_Assignment_
Each line below is to be copied out exactly, and none may be omitted.

_Given entries_
=====

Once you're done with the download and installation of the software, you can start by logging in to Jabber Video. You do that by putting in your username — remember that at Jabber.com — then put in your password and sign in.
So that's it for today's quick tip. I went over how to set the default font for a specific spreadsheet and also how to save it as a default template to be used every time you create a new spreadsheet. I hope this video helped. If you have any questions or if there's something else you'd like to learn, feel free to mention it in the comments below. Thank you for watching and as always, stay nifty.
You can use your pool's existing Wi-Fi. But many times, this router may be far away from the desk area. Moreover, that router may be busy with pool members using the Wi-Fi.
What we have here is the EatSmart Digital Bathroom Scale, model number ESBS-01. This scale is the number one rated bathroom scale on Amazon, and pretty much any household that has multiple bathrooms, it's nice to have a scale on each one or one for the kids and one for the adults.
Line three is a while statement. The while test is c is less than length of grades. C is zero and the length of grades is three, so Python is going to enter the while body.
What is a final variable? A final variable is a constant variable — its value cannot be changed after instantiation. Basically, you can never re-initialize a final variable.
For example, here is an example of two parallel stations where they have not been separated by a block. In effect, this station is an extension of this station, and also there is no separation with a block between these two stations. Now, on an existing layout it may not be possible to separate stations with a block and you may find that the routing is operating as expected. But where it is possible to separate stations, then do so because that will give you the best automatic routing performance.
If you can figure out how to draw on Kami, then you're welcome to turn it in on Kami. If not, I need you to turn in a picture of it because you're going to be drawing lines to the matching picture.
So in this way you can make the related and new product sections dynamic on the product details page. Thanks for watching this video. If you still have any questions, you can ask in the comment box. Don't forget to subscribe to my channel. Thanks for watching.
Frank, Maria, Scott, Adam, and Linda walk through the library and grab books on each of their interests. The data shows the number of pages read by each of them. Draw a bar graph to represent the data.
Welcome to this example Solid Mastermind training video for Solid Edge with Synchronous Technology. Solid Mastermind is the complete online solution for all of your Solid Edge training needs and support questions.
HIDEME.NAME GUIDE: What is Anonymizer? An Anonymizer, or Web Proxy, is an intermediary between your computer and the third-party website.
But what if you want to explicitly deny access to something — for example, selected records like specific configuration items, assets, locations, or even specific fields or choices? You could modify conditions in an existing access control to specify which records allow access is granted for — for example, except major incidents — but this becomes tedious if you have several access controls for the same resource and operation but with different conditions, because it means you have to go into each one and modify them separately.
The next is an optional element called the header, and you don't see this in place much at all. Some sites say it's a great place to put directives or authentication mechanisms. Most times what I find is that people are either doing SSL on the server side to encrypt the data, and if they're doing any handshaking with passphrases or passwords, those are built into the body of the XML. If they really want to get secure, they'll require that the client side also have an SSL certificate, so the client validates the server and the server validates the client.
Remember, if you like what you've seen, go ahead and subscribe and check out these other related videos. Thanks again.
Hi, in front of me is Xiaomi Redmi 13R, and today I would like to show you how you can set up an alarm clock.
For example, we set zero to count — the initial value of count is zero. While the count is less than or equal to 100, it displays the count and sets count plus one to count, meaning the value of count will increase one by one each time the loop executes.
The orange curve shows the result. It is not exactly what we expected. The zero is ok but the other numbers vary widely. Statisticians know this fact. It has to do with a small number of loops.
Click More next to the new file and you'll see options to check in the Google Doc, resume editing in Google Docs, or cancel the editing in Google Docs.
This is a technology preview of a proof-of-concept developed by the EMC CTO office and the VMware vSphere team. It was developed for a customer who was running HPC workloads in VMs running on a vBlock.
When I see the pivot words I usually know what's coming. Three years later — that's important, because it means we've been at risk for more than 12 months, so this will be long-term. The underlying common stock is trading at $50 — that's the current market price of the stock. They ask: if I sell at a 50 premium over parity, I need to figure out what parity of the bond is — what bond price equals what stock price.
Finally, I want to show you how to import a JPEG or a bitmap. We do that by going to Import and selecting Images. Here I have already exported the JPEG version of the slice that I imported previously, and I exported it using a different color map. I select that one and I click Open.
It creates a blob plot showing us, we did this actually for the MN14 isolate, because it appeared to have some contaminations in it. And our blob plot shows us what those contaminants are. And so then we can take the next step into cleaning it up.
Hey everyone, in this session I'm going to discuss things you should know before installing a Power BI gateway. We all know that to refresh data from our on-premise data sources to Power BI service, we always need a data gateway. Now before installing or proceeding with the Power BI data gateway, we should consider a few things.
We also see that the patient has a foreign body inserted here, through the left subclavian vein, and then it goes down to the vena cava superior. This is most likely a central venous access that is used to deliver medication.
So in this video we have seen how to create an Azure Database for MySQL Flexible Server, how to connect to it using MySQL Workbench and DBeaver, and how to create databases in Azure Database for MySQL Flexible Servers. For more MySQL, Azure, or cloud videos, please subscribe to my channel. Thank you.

=====

_Written solution_
Once you're done with the download and installation of the software, you can start by logging in to Jabber Video. You do that by putting in your username — remember that at Jabber.com — then put in your password and sign in.
So that's it for today's quick tip. I went over how to set the default font for a specific spreadsheet and also how to save it as a default template to be used every time you create a new spreadsheet. I hope this video helped. If you have any questions or if there's something else you'd like to learn, feel free to mention it in the comments below. Thank you for watching and as always, stay nifty.
You can use your pool's existing Wi-Fi. But many times, this router may be far away from the desk area. Moreover, that router may be busy with pool members using the Wi-Fi.
What we have here is the EatSmart Digital Bathroom Scale, model number ESBS-01. This scale is the number one rated bathroom scale on Amazon, and pretty much any household that has multiple bathrooms, it's nice to have a scale on each one or one for the kids and one for the adults.
Line three is a while statement. The while test is c is less than length of grades. C is zero and the length of grades is three, so Python is going to enter the while body.
What is a final variable? A final variable is a constant variable — its value cannot be changed after instantiation. Basically, you can never re-initialize a final variable.
For example, here is an example of two parallel stations where they have not been separated by a block. In effect, this station is an extension of this station, and also there is no separation with a block between these two stations. Now, on an existing layout it may not be possible to separate stations with a block and you may find that the routing is operating as expected. But where it is possible to separate stations, then do so because that will give you the best automatic routing performance.
If you can figure out how to draw on Kami, then you're welcome to turn it in on Kami. If not, I need you to turn in a picture of it because you're going to be drawing lines to the matching picture.
So in this way you can make the related and new product sections dynamic on the product details page. Thanks for watching this video. If you still have any questions, you can ask in the comment box. Don't forget to subscribe to my channel. Thanks for watching.
Frank, Maria, Scott, Adam, and Linda walk through the library and grab books on each of their interests. The data shows the number of pages read by each of them. Draw a bar graph to represent the data.
Welcome to this example Solid Mastermind training video for Solid Edge with Synchronous Technology. Solid Mastermind is the complete online solution for all of your Solid Edge training needs and support questions.
HIDEME.NAME GUIDE: What is Anonymizer? An Anonymizer, or Web Proxy, is an intermediary between your computer and the third-party website.
But what if you want to explicitly deny access to something — for example, selected records like specific configuration items, assets, locations, or even specific fields or choices? You could modify conditions in an existing access control to specify which records allow access is granted for — for example, except major incidents — but this becomes tedious if you have several access controls for the same resource and operation but with different conditions, because it means you have to go into each one and modify them separately.
The next is an optional element called the header, and you don't see this in place much at all. Some sites say it's a great place to put directives or authentication mechanisms. Most times what I find is that people are either doing SSL on the server side to encrypt the data, and if they're doing any handshaking with passphrases or passwords, those are built into the body of the XML. If they really want to get secure, they'll require that the client side also have an SSL certificate, so the client validates the server and the server validates the client.
Remember, if you like what you've seen, go ahead and subscribe and check out these other related videos. Thanks again.
Hi, in front of me is Xiaomi Redmi 13R, and today I would like to show you how you can set up an alarm clock.
For example, we set zero to count — the initial value of count is zero. While the count is less than or equal to 100, it displays the count and sets count plus one to count, meaning the value of count will increase one by one each time the loop executes.
The orange curve shows the result. It is not exactly what we expected. The zero is ok but the other numbers vary widely. Statisticians know this fact. It has to do with a small number of loops.
Click More next to the new file and you'll see options to check in the Google Doc, resume editing in Google Docs, or cancel the editing in Google Docs.
This is a technology preview of a proof-of-concept developed by the EMC CTO office and the VMware vSphere team. It was developed for a customer who was running HPC workloads in VMs running on a vBlock.
When I see the pivot words I usually know what's coming. Three years later — that's important, because it means we've been at risk for more than 12 months, so this will be long-term. The underlying common stock is trading at $50 — that's the current market price of the stock. They ask: if I sell at a 50 premium over parity, I need to figure out what parity of the bond is — what bond price equals what stock price.
Finally, I want to show you how to import a JPEG or a bitmap. We do that by going to Import and selecting Images. Here I have already exported the JPEG version of the slice that I imported previously, and I exported it using a different color map. I select that one and I click Open.
It creates a blob plot showing us, we did this actually for the MN14 isolate, because it appeared to have some contaminations in it. And our blob plot shows us what those contaminants are. And so then we can take the next step into cleaning it up.
Hey everyone, in this session I'm going to discuss things you should know before installing a Power BI gateway. We all know that to refresh data from our on-premise data sources to Power BI service, we always need a data gateway. Now before installing or proceeding with the Power BI data gateway, we should consider a few things.
We also see that the patient has a foreign body inserted here, through the left subclavian vein, and then it goes down to the vena cava superior. This is most likely a central venous access that is used to deliver medication.
So in this video we have seen how to create an Azure Database for MySQL Flexible Server, how to connect to it using MySQL Workbench and DBeaver, and how to create databases in Azure Database for MySQL Flexible Servers. For more MySQL, Azure, or cloud videos, please subscribe to my channel. Thank you.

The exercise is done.